YARN TaskManager Runner FLINK-4929

The YARN TaskManager Runner has the following responsibilities:

Read the configuration and all environment variables and compute the effective configuration
Start all services (Rpc, High Availability, Security, etc)
Instantiate and start the Task Manager Runner

YARN Application Master Runner FLINK-4928

The Application Master Runner is the master process started in a YARN container when submitting the Flink-on-YARN job to YARN.

It has the following data available:

Its responsibility is the following:

Read all configuration and environment variables, computing the effective configuration
Start all shared components (Rpc, HighAvailability Services)
Start the ResourceManager
Start the JobManager Runner

YARN Resource Manager FLINK-4927

The Flink YARN Resource Manager communicates with YARN's Resource Manager to acquire and release containers.
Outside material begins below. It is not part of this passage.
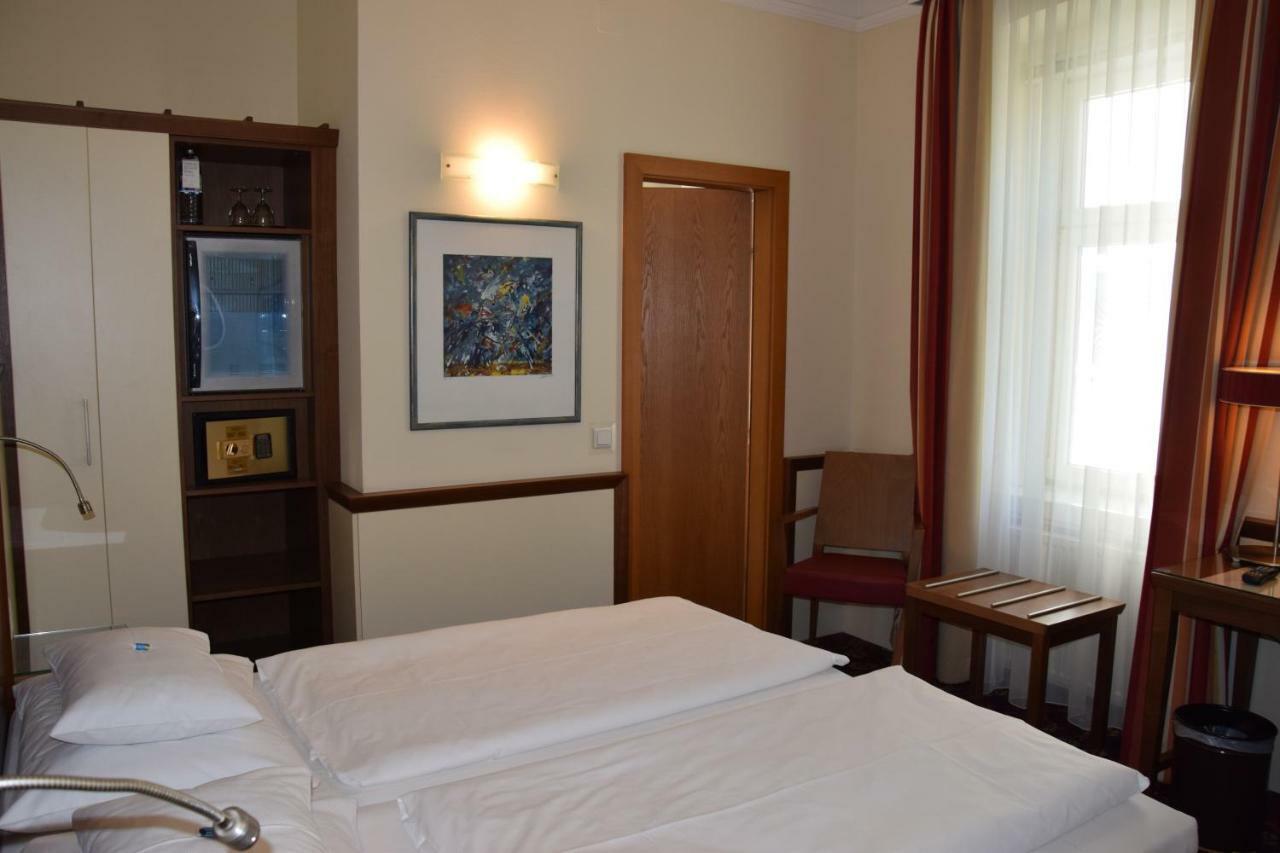 Double Room,744712681:JPEG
It is also responsible to notify the JobManager eagerly about container failures.

YARN Client FLINK-4930

The FLIP-6 YARN client can follow parts of the existing YARN client.

The main difference is that it does not wait for the cluster to be fully started and for all TaskManagers to register. It simply submits

Set up all configurations and environment variables
Set up the resources: Flink jar, utility jars (logging), user jar
Set up attached tokens / certificates
Submit the Yarn application
Listen for leader / attempt to connect to the JobManager to subscribe to updates
Integration with the Flink CLI (command line interface)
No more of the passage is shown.